When scientist Peyton Westlake accidentally comes into possession of incriminating documents. He is targeted by Mob Boss Robert G. Durant and winds up burnt alive. Surviving the ordeal Peyton uses his scientific knowledge to replicate human skin and becomes The Darkman. Using his invention of artificial skin to impersonate his enemies. The Darkman calculatingly takes Durant’s gang out one at a time until he has his final showdown with the mob boss.
This film gave us two early roles for future Hollywood stars Liam Neeson and Frances McDormand. Indeed Neeson absolutely owns the role, which made it very difficult for the poor actors that succeeded him in this role for the sequels. McDormand’s casting though always struck me as unusual given that she is more known for deeper character roles. But she does a respectable job here as the heroes love interest.
Larry Drake is brilliantly villainous as the gang boss Robert G. Durant who proves to be the main bad guy. But we also get a great performance from Colin Friels as the slimy corporate boss Louis Strack Jr.

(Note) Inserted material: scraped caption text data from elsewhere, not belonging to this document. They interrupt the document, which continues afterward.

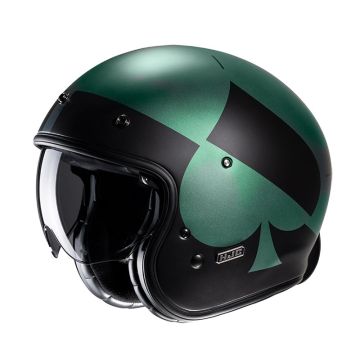 Hjc Jet motorcycle helmet  V31 KUZ Green Black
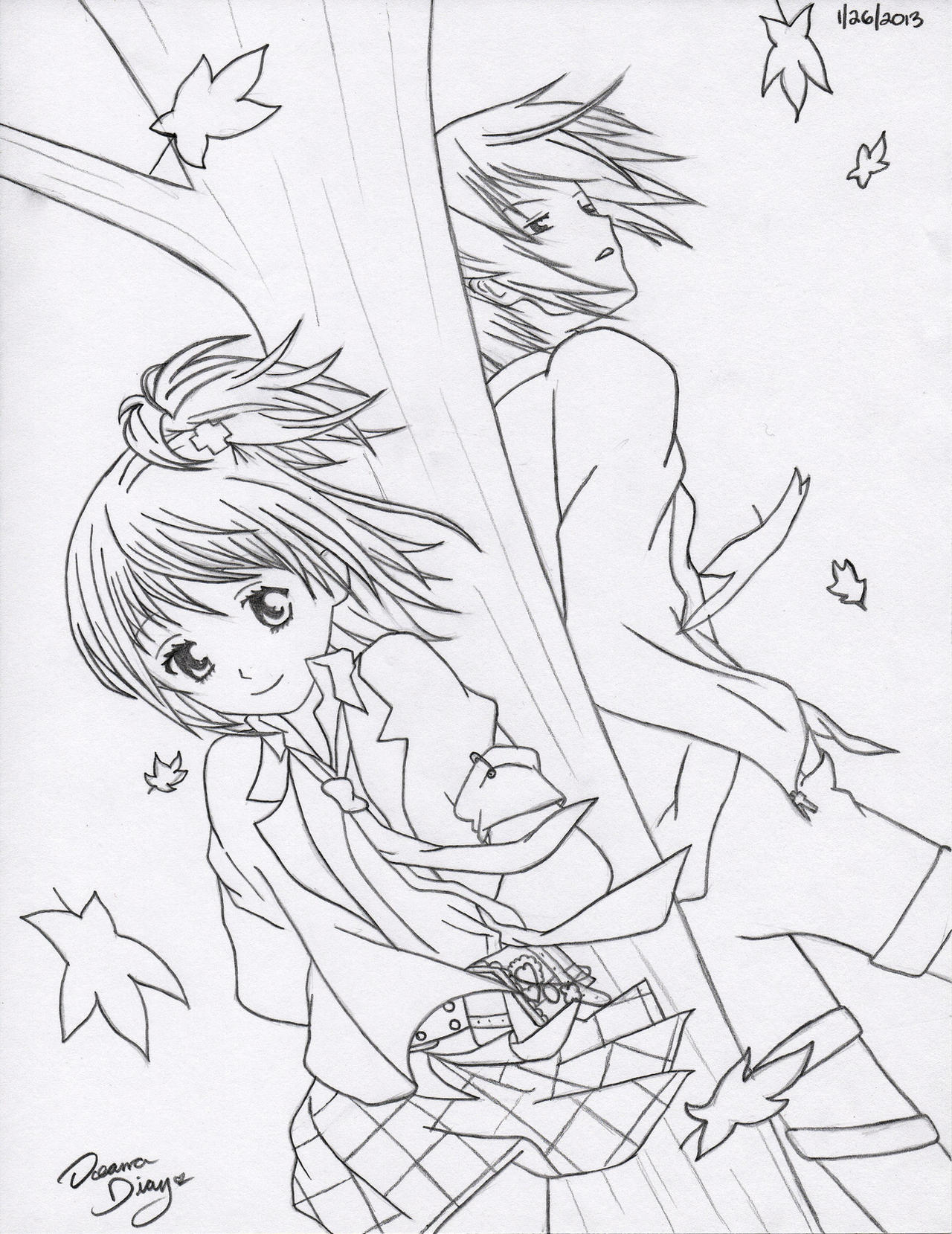 Amu and Ikuto - Windy Day (WIP)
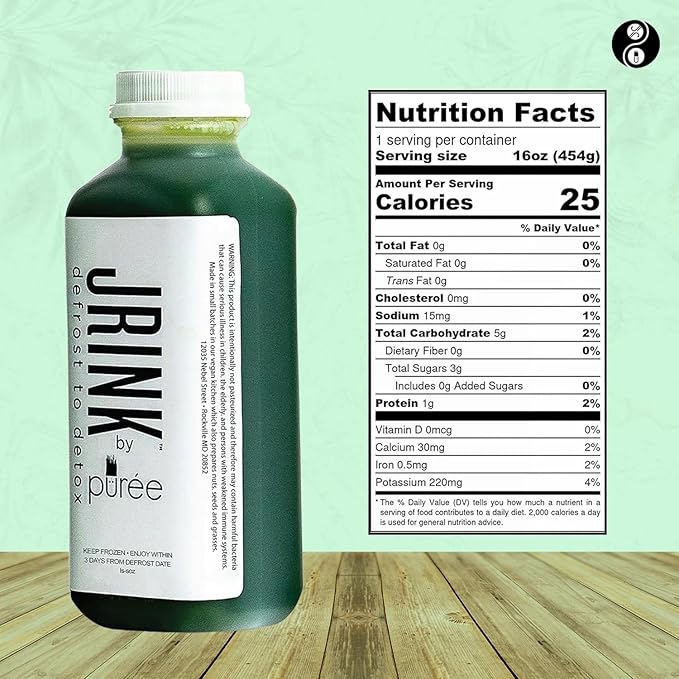 JRINK by Purée Daily Green Juice Cold Pressed Organic Fruit and Vegetable Blend Detox Cleanse Healthy Raw Greens Drink No Preservatives Juice Cleanse 16oz HDPE Bottles Pack of 24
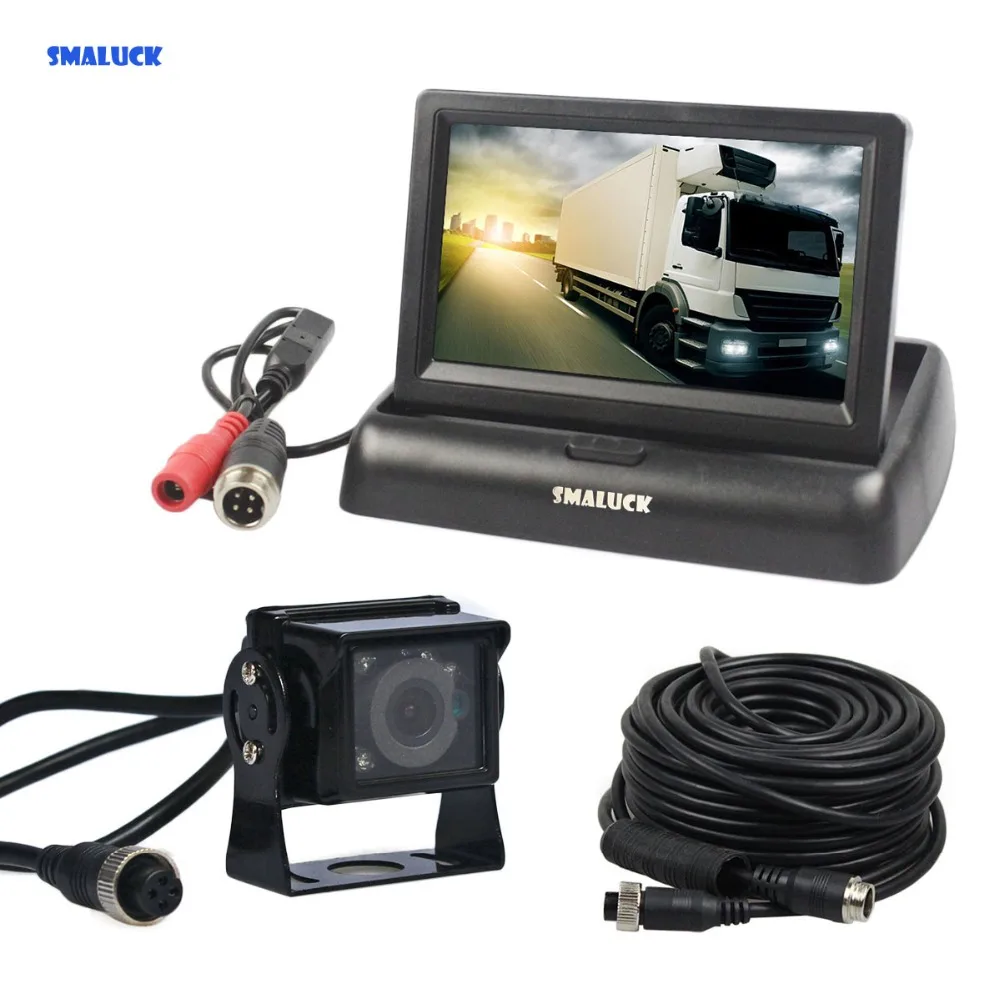 

SMALUCK DC12V-24V 4PIN 4.3inch Reverse Rear View Car Monitor Backup CCD IR Night Vision Bus Truck Car Camera free Car Charger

The acting throughout this film is really strong from all concerned and a big part of why I sometimes revisit the film.
Written and directed by future Spider-Man director Sam Raimi ‘Darkman’ was a pulp comic book hero written specifically for the cinema. At this time we had only recently seen the first Batman movie from Tim Burton and there wasn’t really an abundance of comic book movies.
Although the movie got mixed reviews from the critics. I view this movie as an underrated gem that is well worth the watch. I loved how Raimi manages to capture the feel and vibe of a 30s pulp hero but put it into a modern context. In ‘Darkman’ we get a nice blend of science fiction and horror. In what I see as a modern pulp classic. Unfortunately, the sequel movies, which were done by other people didn’t really do as great of a job of capturing this vibe.
Overall. While it is not the most perfect movie you will ever see. The movie does have some fantastic visual and make-up effects and a fantastic soundtrack from Danny Elfman. It’s definitely worth a look if you haven’t seen it. And although it is over 30 years old now. It still holds up pretty well.